Wywołał burzę w sieci. Internauci oburzeni po wpisie Instytutu Pileckiego

Wywołał burzę w sieci. Internauci oburzeni po wpisie Instytutu Pileckiego

„`html

Między 10 a 25 lipca 1945 roku na wschodnich krańcach Polski doszło do wydarzenia znanego jako obława augustowska. Żołnierze Ludowego Wojska Polskiego, kontrolowanego przez Związek Radziecki, zaatakowali członków Polskiego Państwa Podziemnego. Do dziś losy około 600 osób, które zaginęły w tym czasie, pozostają nieznane — były przetrzymywane i wywożone w nieznane miejsca.

Oświadczenie Instytutu Pileckiego

W środę wieczorem pojawił się komunikat Instytutu Pileckiego, który wywołał żywą dyskusję, zwłaszcza wśród polityków i publicystów o poglądach prawicowych. Instytut wyraził wyraźne stanowisko w kwestii instrumentalnego wykorzystywania wspomnień obławy augustowskiej w bieżącej walce politycznej.

W oświadczeniu podkreślono:

  • Misją Instytutu jest rzetelne badanie faktów historycznych i pielęgnowanie pamięci narodowej, a nie snucie insynuacji.
  • Bada się oraz ujawnia nazwiska funkcjonariuszy UB i MO odpowiedzialnych za aresztowania, tortury i śmierć ofiar związanych z obławą.
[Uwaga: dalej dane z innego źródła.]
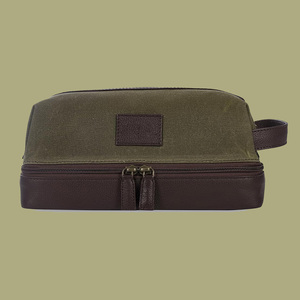 Neceser de viaje de lona impermeable portátil personalizado para hombre, Kit Dopp de cuero con cierre de cremallera, neceser para afeitarse - Product Image 6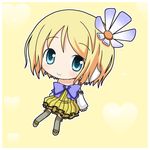  alternate_costume aqua_eyes blonde_hair blush bow cheerful_candy_(module) chibi colorful_x_melody_(vocaloid) detached_sleeves dress flower kagamine_rin minami_(colorful_palette) project_diva_(series) project_diva_2nd skirt smile solo strapless strapless_dress thighhighs vocaloid zettai_ryouiki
Rola poszczególnych osób i liczebność udziału

Zwrócono uwagę na rolę porucznika Maksymiliana Sznepfa, który brał udział w obławie jako dowódca jednostki liczącej 110–160 żołnierzy. Oddział ten zatrzymał 22 osoby, z których część już nigdy nie powróciła do swoich rodzinnych domów. Zaznaczono jednocześnie, że jednostka pod dowództwem Sznepfa stanowiła jedynie niewielki odsetek — zaledwie 2 promile spośród łącznie 45 tysięcy żołnierzy zaangażowanych w całą operację.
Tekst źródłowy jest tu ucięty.